I want to compress a DNA sequence with a compression technique rather than Huffman and Adaptive Huffman algorithm, i'm using c# as a programming language. can anyone lead me to an algorithm. Note: I want a lossless compression
Asked
Active
Viewed 958 times
3
-
1DNA contains lots of base sequence repeats. Any compression method with a dictionary will work well.
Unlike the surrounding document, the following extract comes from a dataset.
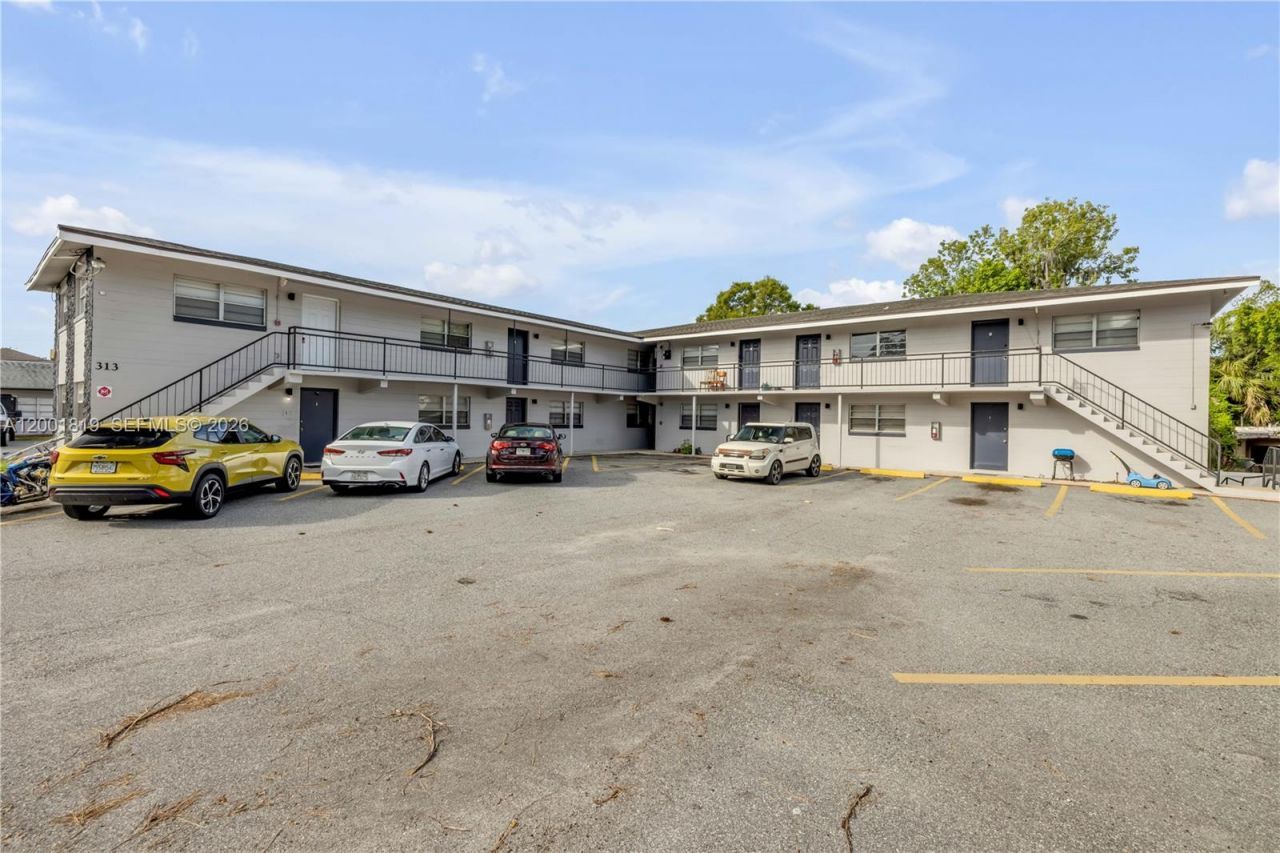 313 Country Club Oval , Unit 11, Daytona, FL 32114 Photo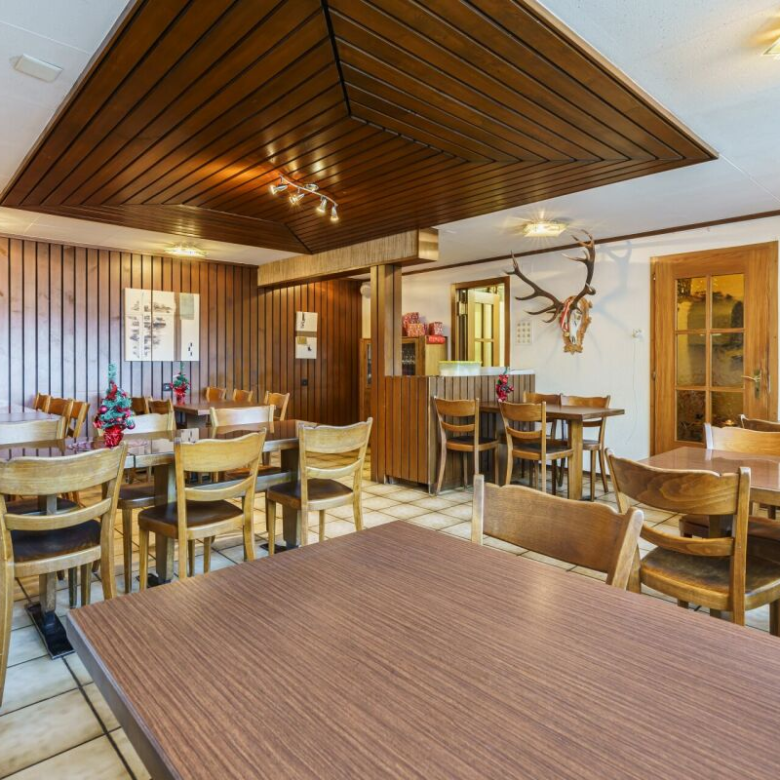Well-located restaurant «Sport» with a 4.5-room duplex apartment above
Like Deflate. – Hans Passant Dec 19 '11 at 18:22
-
1You could adapt this [C++ LZW example](http://marknelson.us/2011/11/08/lzw-revisited/), I did recently and it worked very well. – user7116 Dec 19 '11 at 18:40
-
@HansPassant: yes but i want to use the minimum average length of the code to rise up the copression ratio – Sara S. Dec 20 '11 at 20:10
1 Answers
6
With DNA sequences you have 4 possible states, namely
- Guanine (G, 00)
- Cytosine (C, 01)
- Adenine (A, 10)
- Thymine (T, 11)
You can use two bits to store those four possible states with the values in brackets. With this simple method you will be able to store four distinct values in one byte.
Update
As @kol mentioned you could then use practically any compression algorithm to further shrink the data.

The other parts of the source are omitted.